One of the things I’ll always remember doing at Starbucks while I waited to order was flipping through the CD rack.
Sometimes you would find new artists like Taylor Swift or Selena Gomez, or other times you would see a Paul McCartney album. Either way, it was something that kept you occupied before you had a chance to order. But now that opportunity will be gone as Starbucks will stop selling CDs at the end of February, according to The Atlantic.
As we all know the music industry has declined recently as people download music online for free or use applications like Pandora or Spotify. Though Starbucks has valid reasoning to stop selling CDs, it is still disappointing to see something we used so often in the early 2000s be thrown to the side soon to be dubbed “obsolete.”
Starbucks not selling CDs anymore may not be a big deal to casual customers, but in the music industry it is a slap in the face. In a world that is rapidly becoming increasingly digital, how are physical discs supposed to compete? I cannot imagine trying to put my foot into the music industry today due to how hard it is to make a living there.

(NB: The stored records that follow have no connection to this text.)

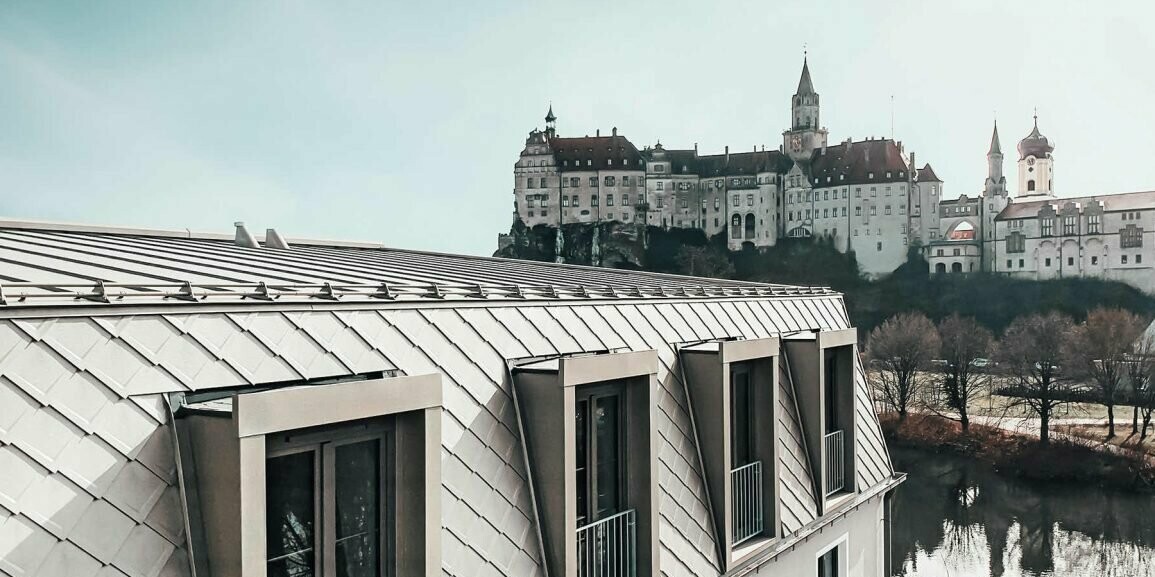 Im Vordergrund ist das PREFA Dach in der Farbe Bronze des Karls Hotel Sigmaringen zu sehen und im Hintergrund erstreckt sich die anliegende Schlossanlage Sigmaringen.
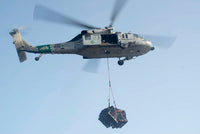 MH-60S Knighthawk delivering cargo poster print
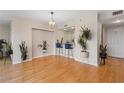 Bright living room featuring open floor plan, breakfast bar, and modern light fixture at 3481 Ne Lakeside Dr # 1508, Atlanta, GA 30326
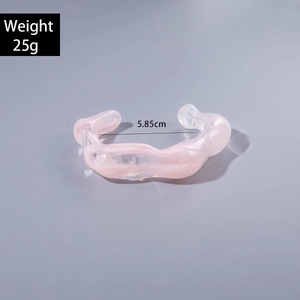 Detail of pink acrylic wavy bangle with clear texture showing 5.85cm inner diameter size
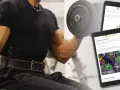 En man utför bicepscurl med stång. En surfplatta visar övningar för armar, inklusive "Spider Curls".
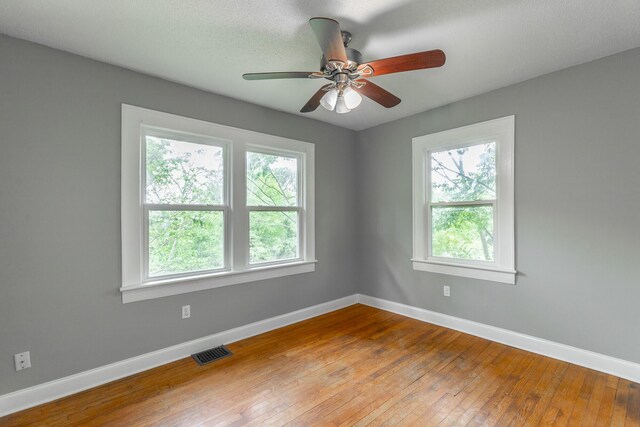 1812 John Ross Rd, Chattanooga, TN 37412 - spare room featuring baseboards, wood-type flooring, and a ceiling fan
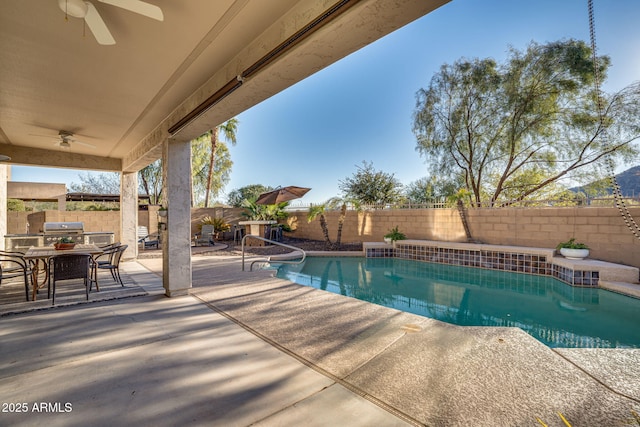 view of pool with a patio area, grilling area, and ceiling fan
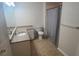 Updated bathroom with granite vanity and tiled floors at 2201 Bay Club Cir, Tampa, FL 33607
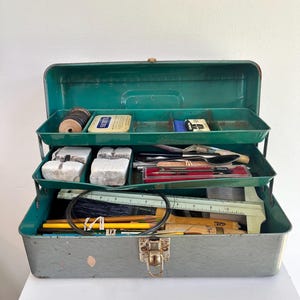 May include: A vintage metal cantilever tool box with a grey base and a green interior. The tiered trays contain various items including white blocks, a spool of wire, a metal ruler, pencils, a paintbrush, and a small red-lined case.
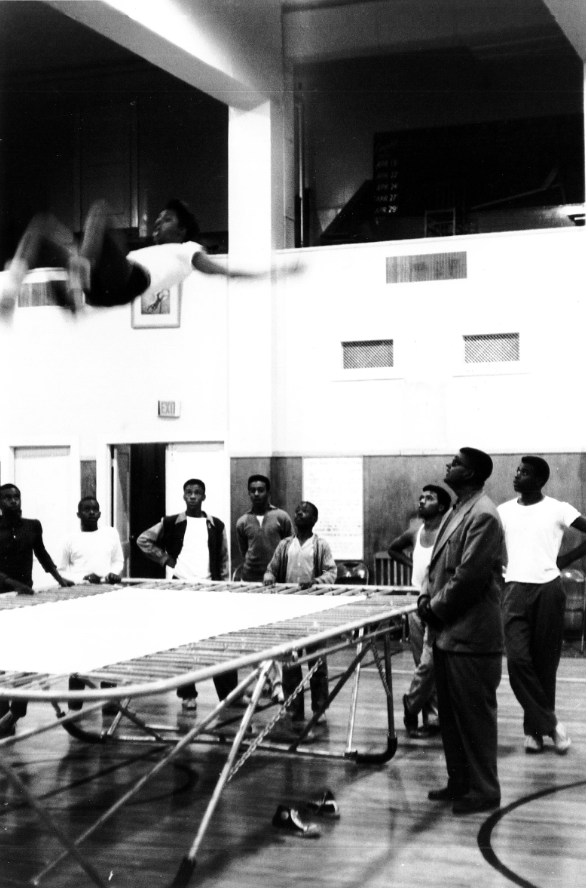 A person mid-bounce on a trampoline, others stand looking up at him.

Sometimes I sit down and look at my younger family members on their tablets and iPhones and am amazed at how different their childhood is compared to mine. While I was crying over missing Pokémon on Saturday, they, now, can easily stream shows to watch later. But I, too, am part of the digital world. The last CD I clearly remember buying was Lil Wayne’s “Tha Carter III,” which came out in 2008. After that, I was introduced to LimeWire and Napster and never bought a CD again.
I don’t think that it is possible to stop ourselves from being drawn to the new and shiny devices that Apple and Google place in front of us but I do hope we don’t forget about the little things that once made up the music industry.